> What to produce: Copy exactly, and copy nothing else: the line that contains "10 Authentic Florida" and all lines after it in the listing, without pictures.
+ + + + +
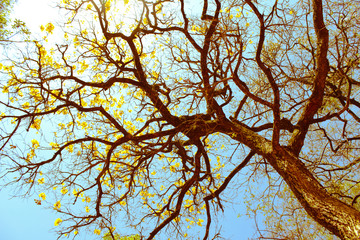 Fototapeta premium autumn tree branches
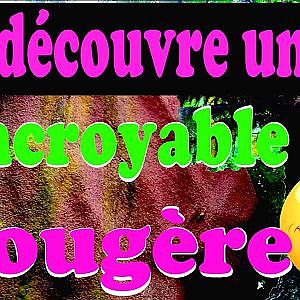 Vous pensez connaître la taille d'une fougère ? Bienvenus à Jurassic Park !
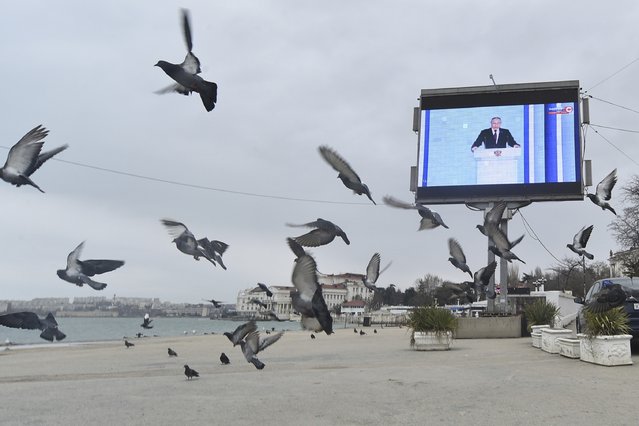 Pigeons take off from the beach in front of a tv screen showing Russian President Vladimir Putin during his annual state of the nation address in in Sevastopol, Crimea, Tuesday, Feb. 21, 2023. (Photo by AP Photo/Stringer)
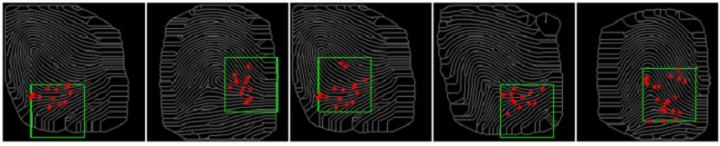 How Fingerprints Differ (and Don't)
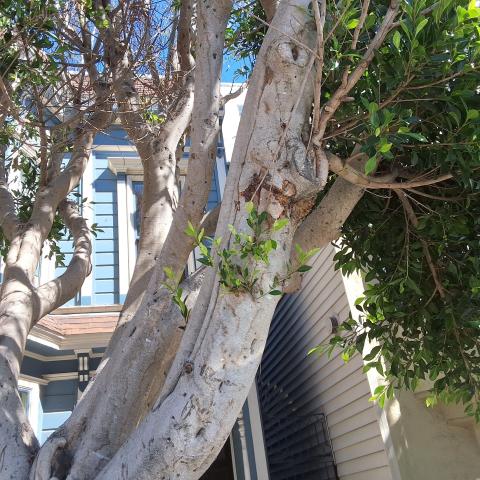 975 Church St tree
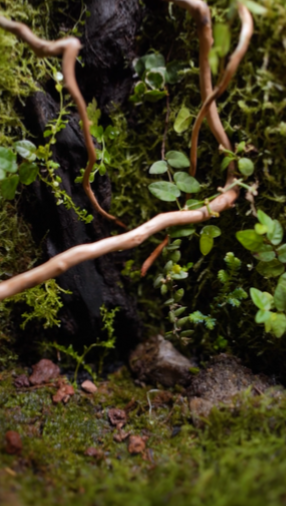 Terrariums india bytheleaf
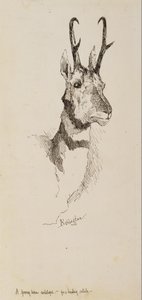 Un antilope pronghorn - Frederic Remington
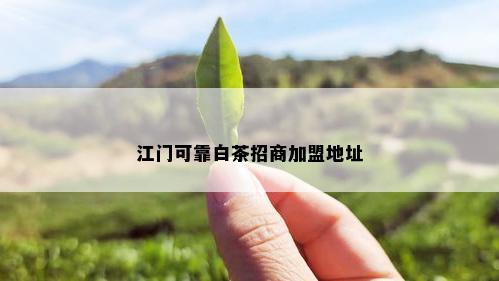 江门可靠白茶招商加盟地址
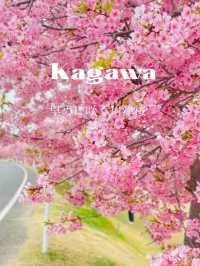 【冬に咲く桜】河津桜のおすすめスポット🪧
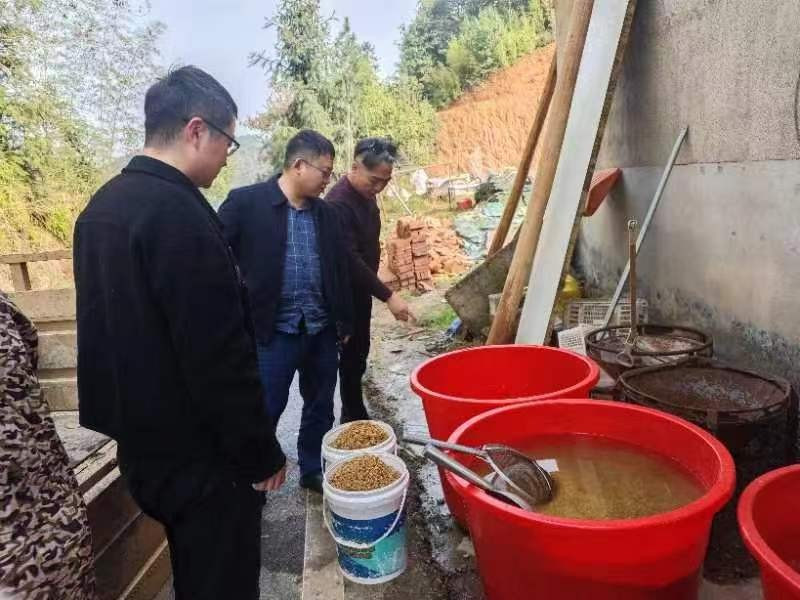 20240426114212527ixfrty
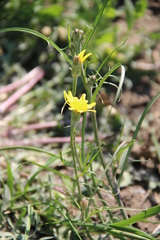 Scorzonera laciniata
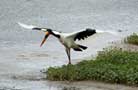 Ngorongoro Conservation Area Authority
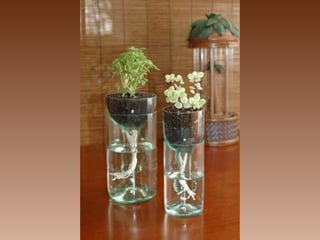 No tires nada... com gênio todo sirve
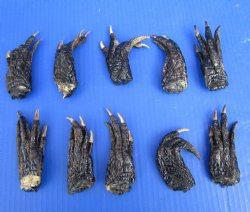 10 Authentic Florida Alligator Feet, 3 to 5 inches, Preserved in Formaldehyde for $4.00 each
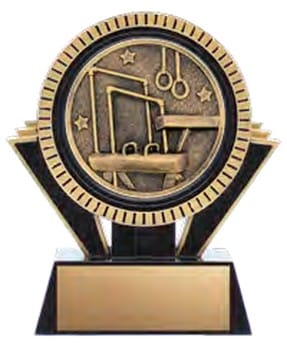 Apex Black Gymnastics Award 4 1/2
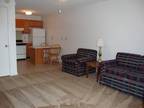 $408 / 382ft² - Furnished Studio Apartment Ready to be Yours Today!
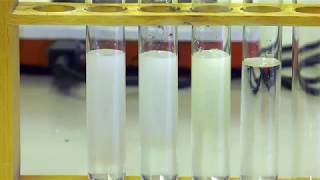 تجربة تفاعل نترات الفضة AgNO3 مع (كلور الصوديوم، بروم الصوديوم، يود الصوديوم)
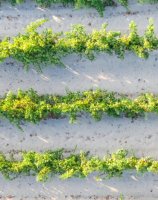 Aigues-Mortes - Vignes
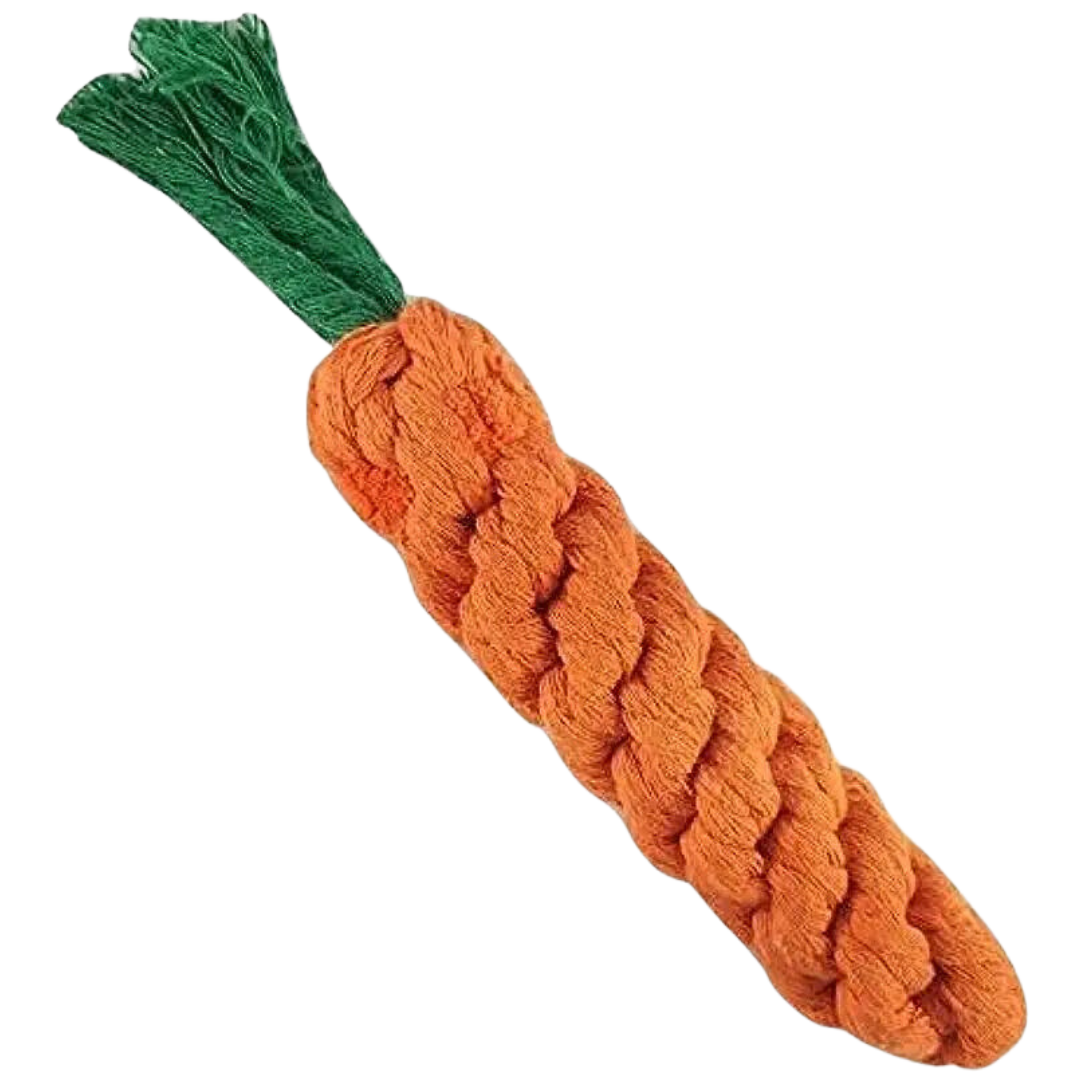 carrot toy for dogs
+ + + + +
> Answer area:
 10 Authentic Florida Alligator Feet, 3 to 5 inches, Preserved in Formaldehyde for $4.00 each
 Apex Black Gymnastics Award 4 1/2
 $408 / 382ft² - Furnished Studio Apartment Ready to be Yours Today!
 تجربة تفاعل نترات الفضة AgNO3 مع (كلور الصوديوم، بروم الصوديوم، يود الصوديوم)
 Aigues-Mortes - Vignes
 carrot toy for dogs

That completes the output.